:: Data for this exercise ::

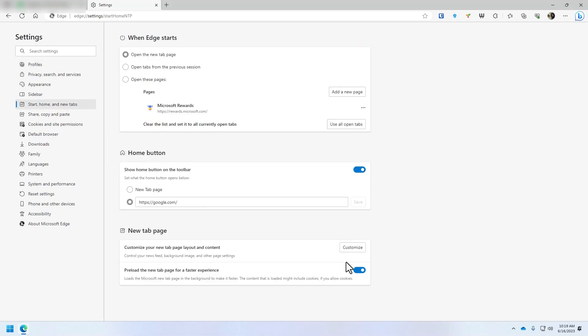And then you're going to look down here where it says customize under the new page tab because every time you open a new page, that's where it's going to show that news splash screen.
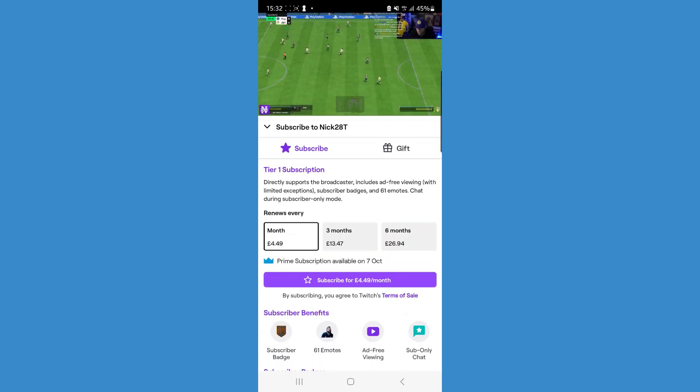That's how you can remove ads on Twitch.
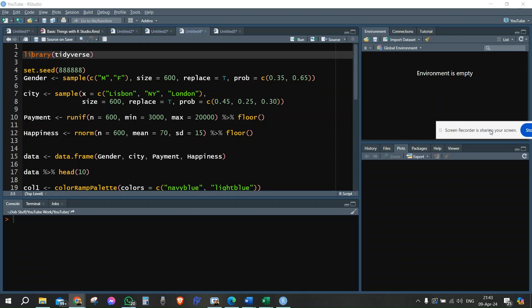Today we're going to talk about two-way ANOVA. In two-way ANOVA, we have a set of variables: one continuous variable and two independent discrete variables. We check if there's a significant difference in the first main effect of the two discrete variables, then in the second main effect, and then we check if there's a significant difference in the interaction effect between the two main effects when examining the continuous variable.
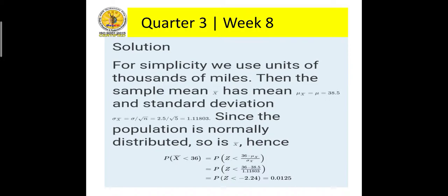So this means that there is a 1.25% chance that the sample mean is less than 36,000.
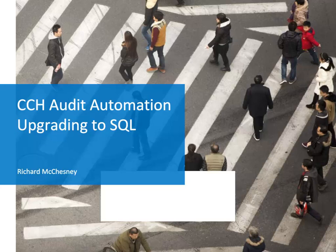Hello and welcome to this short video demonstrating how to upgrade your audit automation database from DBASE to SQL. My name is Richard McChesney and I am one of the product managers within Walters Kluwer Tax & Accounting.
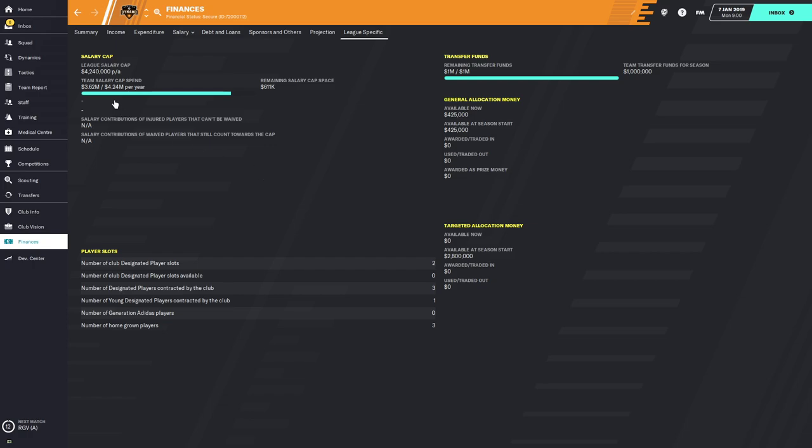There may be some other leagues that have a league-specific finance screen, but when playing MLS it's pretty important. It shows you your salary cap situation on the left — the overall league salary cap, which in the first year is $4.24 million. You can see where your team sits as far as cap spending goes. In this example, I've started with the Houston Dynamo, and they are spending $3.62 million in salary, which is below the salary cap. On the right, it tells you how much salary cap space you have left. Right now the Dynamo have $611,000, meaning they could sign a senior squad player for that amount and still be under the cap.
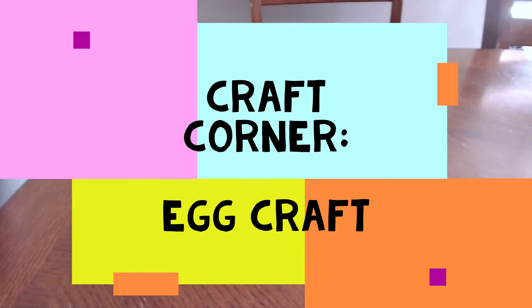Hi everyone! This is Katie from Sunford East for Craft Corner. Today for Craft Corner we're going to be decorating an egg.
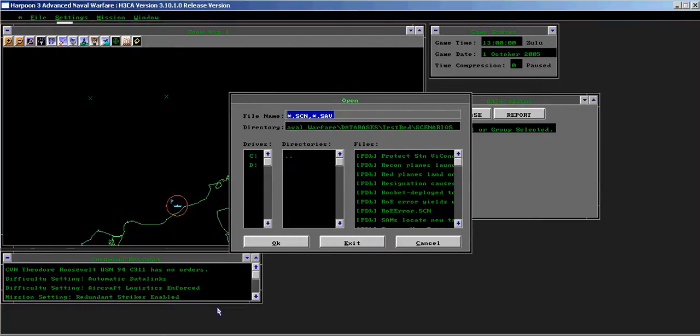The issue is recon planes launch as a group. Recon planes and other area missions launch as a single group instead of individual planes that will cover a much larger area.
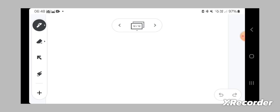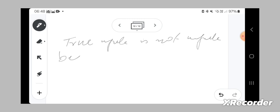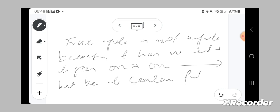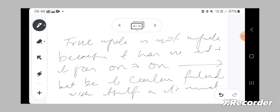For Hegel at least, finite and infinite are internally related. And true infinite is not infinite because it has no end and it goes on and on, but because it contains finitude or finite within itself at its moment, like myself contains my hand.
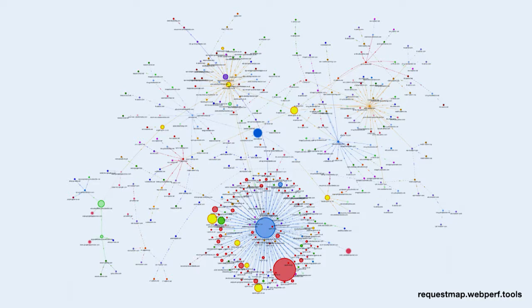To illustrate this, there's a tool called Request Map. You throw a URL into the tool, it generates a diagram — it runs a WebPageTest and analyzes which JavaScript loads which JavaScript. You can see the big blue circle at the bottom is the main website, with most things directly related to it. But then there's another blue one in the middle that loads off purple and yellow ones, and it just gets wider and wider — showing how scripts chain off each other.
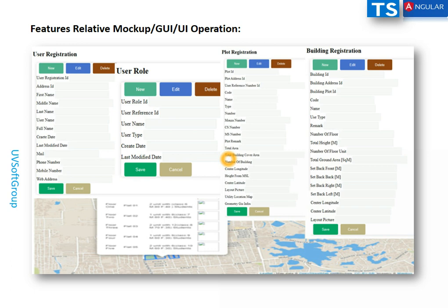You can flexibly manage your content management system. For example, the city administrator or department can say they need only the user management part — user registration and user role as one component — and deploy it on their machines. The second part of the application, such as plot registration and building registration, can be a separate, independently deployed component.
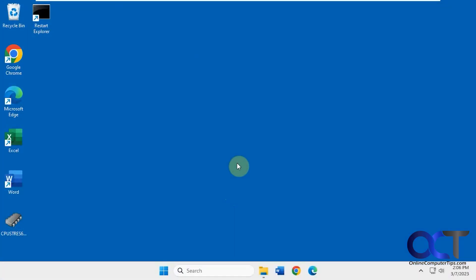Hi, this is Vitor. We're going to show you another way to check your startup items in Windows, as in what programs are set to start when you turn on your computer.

:::

What you are asked to do: Copy nothing but the lines from the top of the material through the line holding "That's how you can remove ads on Twitch.", exactly as written; omit pictures.

Response below:
And then you're going to look down here where it says customize under the new page tab because every time you open a new page, that's where it's going to show that news splash screen.
That's how you can remove ads on Twitch.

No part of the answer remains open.